Within months after the Supreme Court's decision [Roe v. Wade], pediatricians began arguing for public acceptance of infanticide for newborns with birth defects or handicaps. Appearing in leading medical journals, their articles carried the imprimatur of the medical establishment. The published pieces were not theoretical in nature. They revealed the willingness of physicians to bring on the deaths of handicapped newborns...(p. 110, emphasis mine)
It sounds unthinkable, and yet Young cites several cases in practice. One doctor in particular approached parents and told them their child would never be more than a "vegetable" and that they should withhold care. One such child had Cerebral Palsy but was eventually able to walk under his own power and earned straight A's on his first report card.

It raises an interesting point for me. For about a year now I've been wondering when the cause of autism will be discovered, and at some level wishing there were a test that would show definitively whether or not a child is affected by it. We already screen for so many disorders at birth, why not find a way to add autism to the list? The current diagnosis system is simply inadequate, sometimes leaving parents wondering for years what is happening with their child. However, I am now wondering if screening at birth (or before) would really be so beneficial for ASD children. In fact we already screen for Down Syndrome before birth, and many feel that a woman is justified in choosing abortion if their child tests positive. I'm sure you all followed the stir surrounding Sarah Palin and her son Trig. Autism is so misunderstood that early screening might be a death sentence for thousands.

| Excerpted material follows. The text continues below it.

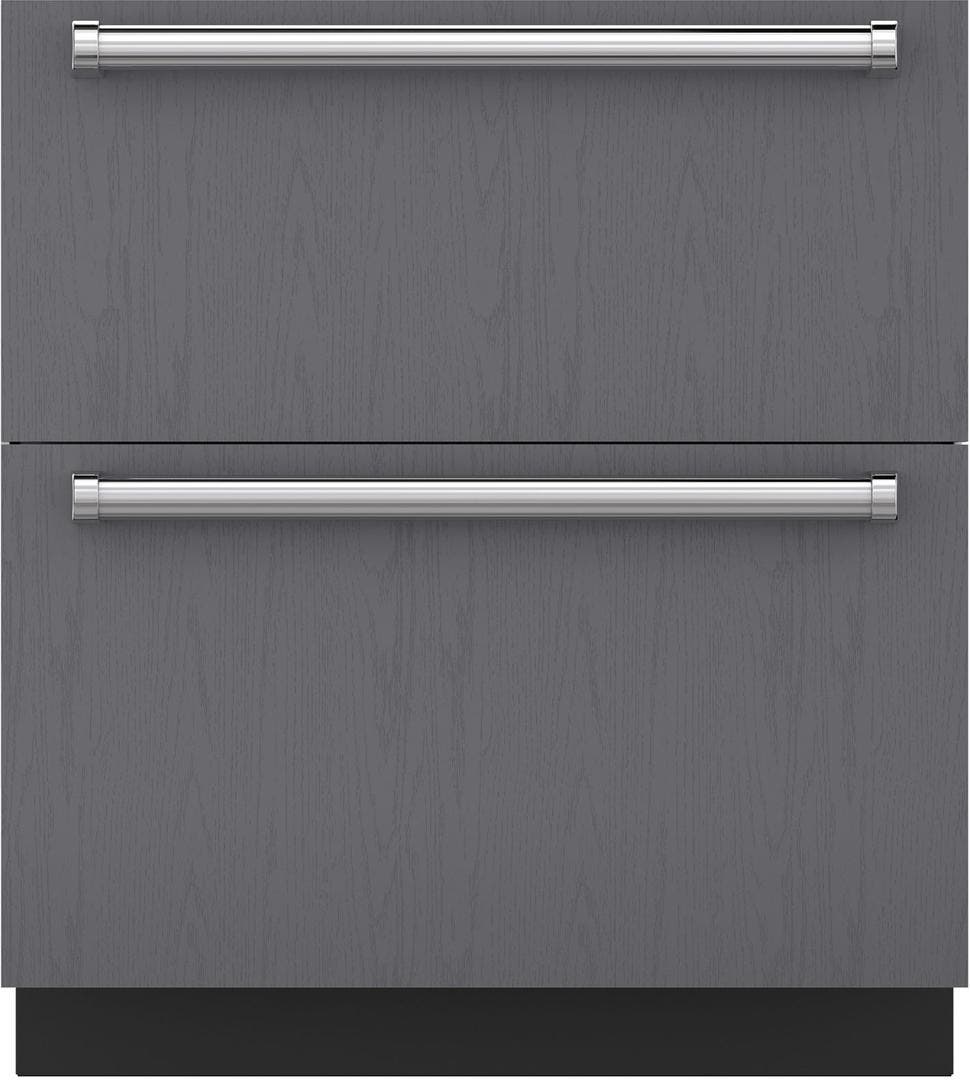 Sub Zero ID30RP Panel Ready with Air Purification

Quite simply given all I have written about God's heart for children with special needs, it seems that we need to be their voice from the very beginning, that they might have the opportunity to participate in life itself.

Part one Inclusion
Part two Inclusion
Part three Inclusion
Part four Inclusion


Dave said...

I remember when we were pregnant with my youngest son--the new ultrasound technology showed what might have been a cyst in his brain which would indicate he would not live long.

Because we had not taken the state of California blood test, there was a statistical decision made to warn us of possible complications. We subsequently took the blood test with a result that ruled out any "statistical" problems. They told us they would not have given us a warning and to simply disregard it.

Of course this was very scary and frustrating and SO less than satisfying. As you know he was very OK at birth. It seems the diagnoses are so focused on statistical probabilities that there is no way to know other than trust God. It is interesting that improved ultrasound technologies are causing the medical field to re-calibrate what is normal.

Ronnica said...

I found you on 31DBBB.

You bring up an interesting point...but a very valid one. I have known of people refusing to have the early testing for Down's because they didn't want to be pressured to give up their child if the test results were positive. In most cases, these types of prenatal testing aren't entirely accurate. I can't help but wonder how many children who are killed becaue the parents were told the child had a birth defect were in fact perfectly capable to survive birth and childhood, and even enter adulthood. While losing a child after birth or finding out that the baby is not perfectly healhty is obviously traumatic and I wouldn't wish it on anyone, I don't see how the problem is helped by killing the child prematurely.